Le plus impressionnant, c'est sans doute le flanc de la montagne qui se dresse tout près du village. La rocaille d'un rose délicat semble menacer les habitations d'un éboulement imminent et dévastateur. Toutefois, le cadrage est sans doute un peu trompeur, car il suffit de se détourner pour constater que la vallée n'est pas un simple ravin et qu'en fin de compte, Montegrande n'en occupe pas l'extrémité. Dans la photo ci-dessous, on ne peut qu'admirer la persévérance des paysans qui entretiennent des vignes et des cultures en terrasse ou à flanc de montagne, dans un cadre aussi désolé...

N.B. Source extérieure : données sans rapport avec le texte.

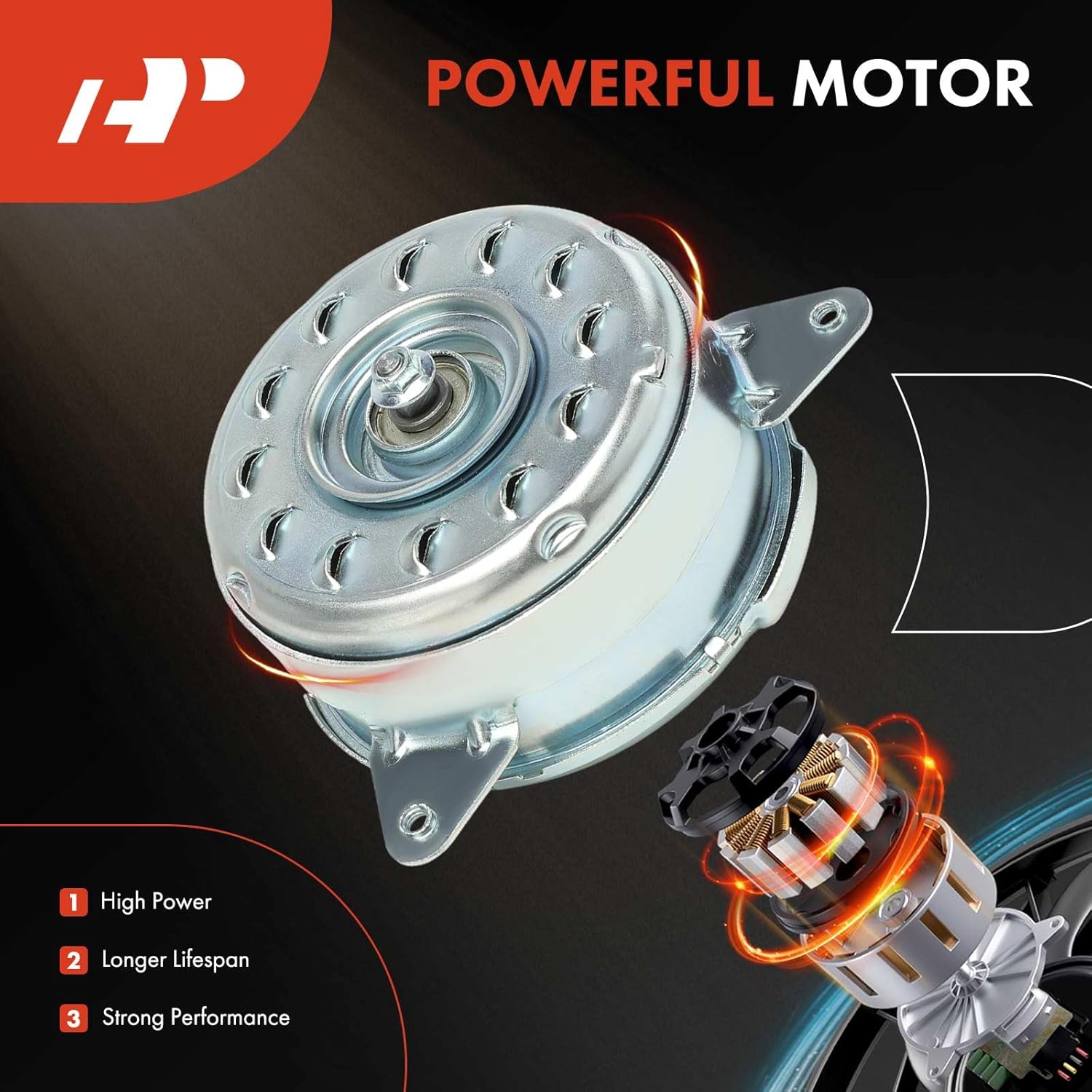 A-Premium Radiator Fan Motor Compatible with Mitsubishi Outlander 2014-2014/2017-2020, Outlander Sport 2013-2016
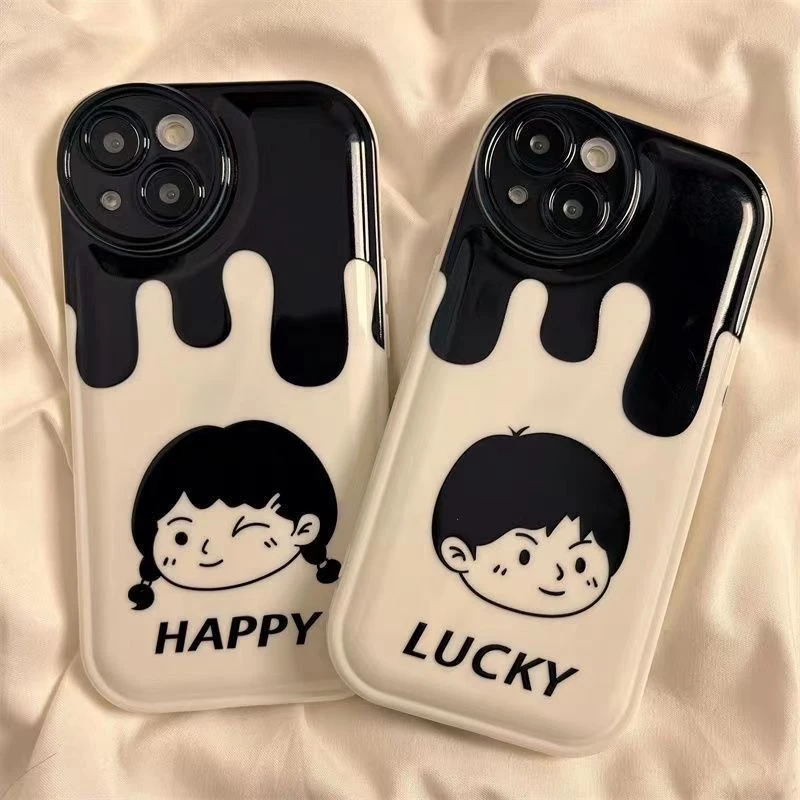 幸运男孩适用iPhone15/14promax手机壳13女12华为/oppo/小米/vivo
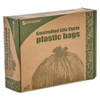 Stout by Envision Controlled Life-Cycle Plastic Trash Bags  33 gal  1 1 mil  33  x 40   Green  40 Box (STOG3340E11)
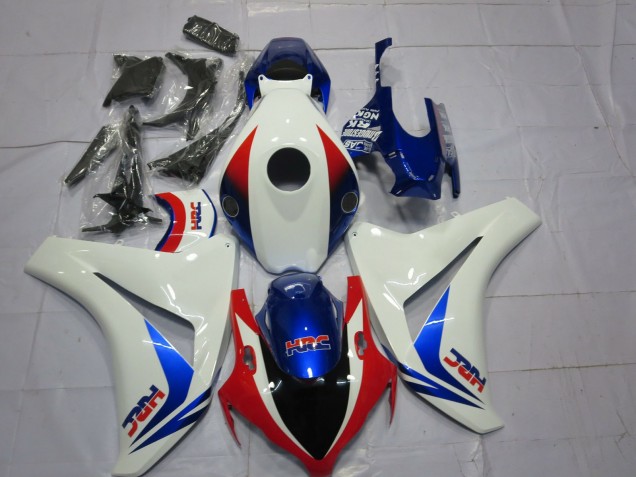 2008-2011 Honda CBR1000RR Motorcycle Fairings - White Red Blue OEM Style HRC Australia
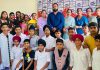 सेंट कबीर पब्लिक हाई स्कूल में धूमधाम से मनाया गया वैशाखी का त्यौहार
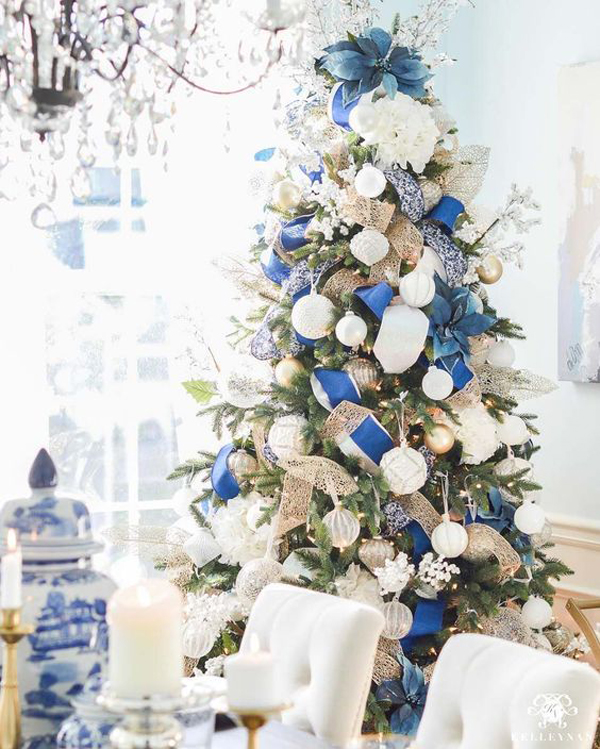 blue-christmas-tree-in-dining-room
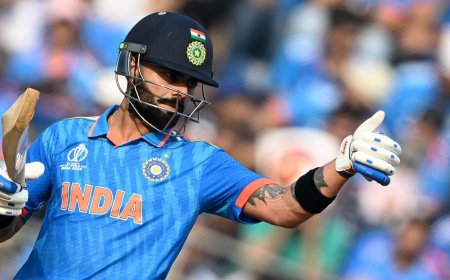 20 வருட வரலாற்று சாதனையை தகர்த்த கோலி... சச்சின், பாண்டிங் சாதனைகள் முறியடித்து மூன்று மெகா சாதனைகள்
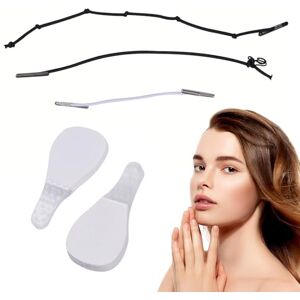 Shitafe 40PCS Lift Face Sticker - Face Lift Band - Invisible Thin Face Sticker - V-shape Face Lift Band - Facial Patches - Anti-ageing Anti-wrinkle Patches - Instant Face Neck Tapes - Face Lift Tools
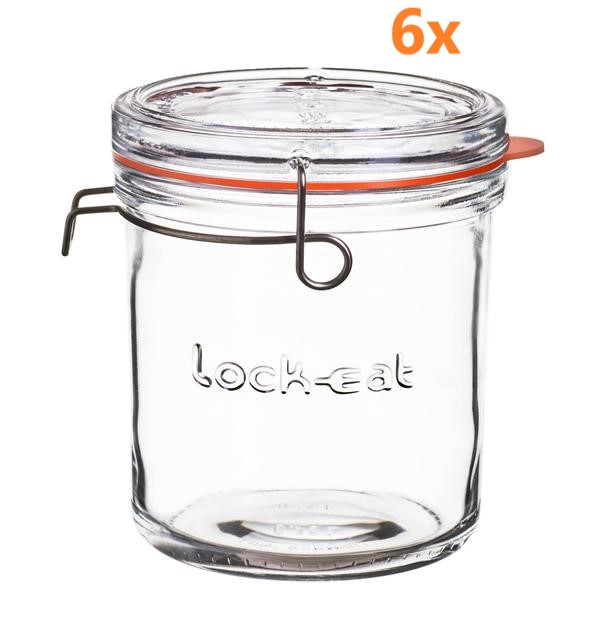 Lock-Eat bocal 750 ml Ø 115 mm (6 pièces)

La tombe de Gabriela Mistral? Je l'ai trouvée tout près de la route. La stèle de pierre blanche cite un mot de la poète que je traduis ainsi : «Ce que l'âme fait pour son corps est ce que l'artiste fait pour son peuple.» Les dates de sa vie bien remplie (7-IV-1889, 10-I-1957) sont données sur les deux inscriptions commémoratives. Durant ces sept décennies, elle a été enseignante, puis invitée au Mexique révolutionnaire de l'entre-deux-guerres (au temps de Diego Rivera et Frida Kahlo). Poète, elle a connu la grâce et la disgrâce au gré des régimes se succédant à la tête du Chili. Elle a servi son pays comme consul et comme représentante en Europe auprès de la Société des Nations. Durant les années de la Seconde Guerre mondiale, elle a vécu au Brésil avec son fils adoptif, y faisant la connaissance de Stefan Zweig et se nouant d'amitié avec lui et sa femme. Mais le suicide de Zweig et la mort violente de son fils en 1945 — l'année même de l'attribution du prix Nobel — la découragent de rester plus longtemps en terre brésilienne et elle reprend son bâton de pélerin. En 1956, elle vit un retour triomphal au Chili avant de mourir le 10 janvier 1957 dans un hôpital de New York. Le Chili décrète un deuil officiel de trois jours et transporte ses restes à Montegrande. La plaque du bas dans la photo à droite cite la défunte en ces termes : «C'est ma volonté que mon corps soit enterré dans mon village bien-aimé de Montegrande.»

À Santiago, quelques jours plus tard, j'ai vu la médaille de son prix Nobel dans un musée.